ORMOC NEWS – ‘Save The Children’ Press Release 27th September 2014: Seven Yolanda-hit barangays across 3 municipalities around Ormoc have been declared as first in the entire Leyte province to eradicate defecation in public – a practice known to cause contamination of water sources and diarrheal diseases.
The declaration came after an authorized government body, including hygiene specialists and international organizations, certified the remote barangays of Bulak, Masaba, and San Dionesio in Matag-ob town; Payao in Villaba town; and San Ignacio, Santa Domingo and Libertad in Kananga town as the first Zero Open Defecation (ZOD) barangays in the province of Leyte.
To achieve ZOD status, each household in a barangay should have access to toilet and water supply. The recognition was a big feat given that 70% of people in these communities did not have access to toilets immediately after the super typhoon.
Western Leyte has areas with some of the highest rates of open defecation in the country even before Yolanda. In the immediate aftermath, the Water, Sanitation and Hygiene (WASH) cluster estimated that around 65% of areas in the region did not have access to toilets.
Save the Children has been providing remote and vulnerable areas, including the ZOD-certified barangays, with construction materials and trainings to build and repair toilets as part of its comprehensive Yolanda response. To date, Save the Children has provided construction materials for over 6,525 toilets in 32 barangays and plans to help build 3,475 more across 47 barangays in 2014.
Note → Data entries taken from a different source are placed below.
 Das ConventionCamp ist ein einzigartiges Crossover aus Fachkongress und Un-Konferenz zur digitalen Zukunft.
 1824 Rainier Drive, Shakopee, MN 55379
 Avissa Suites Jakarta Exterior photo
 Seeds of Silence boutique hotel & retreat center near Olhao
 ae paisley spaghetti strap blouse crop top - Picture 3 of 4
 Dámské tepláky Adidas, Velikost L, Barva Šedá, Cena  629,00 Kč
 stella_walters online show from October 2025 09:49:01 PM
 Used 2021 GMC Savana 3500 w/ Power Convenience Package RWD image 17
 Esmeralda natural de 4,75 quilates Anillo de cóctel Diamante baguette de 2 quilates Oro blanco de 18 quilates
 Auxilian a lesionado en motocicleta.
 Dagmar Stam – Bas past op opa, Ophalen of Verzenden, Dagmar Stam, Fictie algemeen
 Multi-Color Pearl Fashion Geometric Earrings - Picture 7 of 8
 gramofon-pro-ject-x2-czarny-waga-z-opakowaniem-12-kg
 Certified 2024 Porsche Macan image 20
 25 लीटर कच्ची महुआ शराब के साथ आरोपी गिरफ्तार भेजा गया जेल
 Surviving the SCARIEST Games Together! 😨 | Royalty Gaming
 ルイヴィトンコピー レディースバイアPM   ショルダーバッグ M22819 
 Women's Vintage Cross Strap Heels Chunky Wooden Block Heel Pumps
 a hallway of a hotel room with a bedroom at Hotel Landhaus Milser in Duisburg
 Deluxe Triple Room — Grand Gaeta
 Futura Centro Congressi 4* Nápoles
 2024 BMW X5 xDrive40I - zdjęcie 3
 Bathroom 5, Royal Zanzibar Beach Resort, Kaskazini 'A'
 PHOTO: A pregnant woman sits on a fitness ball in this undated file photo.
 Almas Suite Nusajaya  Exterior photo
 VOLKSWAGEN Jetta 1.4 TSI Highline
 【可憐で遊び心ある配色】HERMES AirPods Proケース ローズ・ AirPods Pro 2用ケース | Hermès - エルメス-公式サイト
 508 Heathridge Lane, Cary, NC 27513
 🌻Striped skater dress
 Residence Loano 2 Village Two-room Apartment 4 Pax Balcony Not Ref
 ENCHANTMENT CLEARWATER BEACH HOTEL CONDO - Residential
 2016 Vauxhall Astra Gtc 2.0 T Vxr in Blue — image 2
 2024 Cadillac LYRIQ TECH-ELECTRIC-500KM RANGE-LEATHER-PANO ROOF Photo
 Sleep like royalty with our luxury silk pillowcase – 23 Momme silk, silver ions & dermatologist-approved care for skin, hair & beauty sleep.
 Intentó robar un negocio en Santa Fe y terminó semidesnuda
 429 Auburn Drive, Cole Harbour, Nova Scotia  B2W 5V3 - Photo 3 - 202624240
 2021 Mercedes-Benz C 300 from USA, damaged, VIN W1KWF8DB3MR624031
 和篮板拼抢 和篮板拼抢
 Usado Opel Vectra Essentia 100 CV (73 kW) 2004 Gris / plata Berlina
“Save the Children knows that the practice of open defecation poses great health risks to the disaster-affected communities, especially children,” said Tom Howells, Save the Children’s Field Manager in Western Leyte Office.
He added: “By providing communities with toilets and clean water supply, especially those in remote and vulnerable areas, we can help protect children and adults from infectious diseases.”
According to WHO, diarrheal disease is the second leading cause of death in children under 5 years old, and is responsible for killing around 760,000 children every year. WHO added that the disease can last several days, and eventually dehydrates the body. The disease is common particularly among children and the elderly.
Save the Children recognizes, however, that building toilets and repairing water lines alone may not fully address water and sanitation problems in Western Leyte. In response, the organization launched a province-wide campaign to educate people on the health risks of poor hygiene and sanitation. At the household level, Save the Children consulted with and fully involved communities and local officials in the design and construction of toilets and water facilities.
“It is not enough that we provide communities with construction materials. The communities that achieved ZOD were successful because they now see the importance of proper hygiene and sanitation. Without proper consultation with and full involvement of the community and the local government, these projects may not succeed in the long-term,” said Reggie Aquino, Save the Children’s Program Development and Quality Manager in Western Leyte Office.
Save the Children’s comprehensive response in the region includes providing communities with cash transfers, community grants for food, security and livelihoods and shelter assistance. The children’s organization is also undertaking repairs of schools, district health stations, provision of medicines and establishment of Child Friendly Spaces.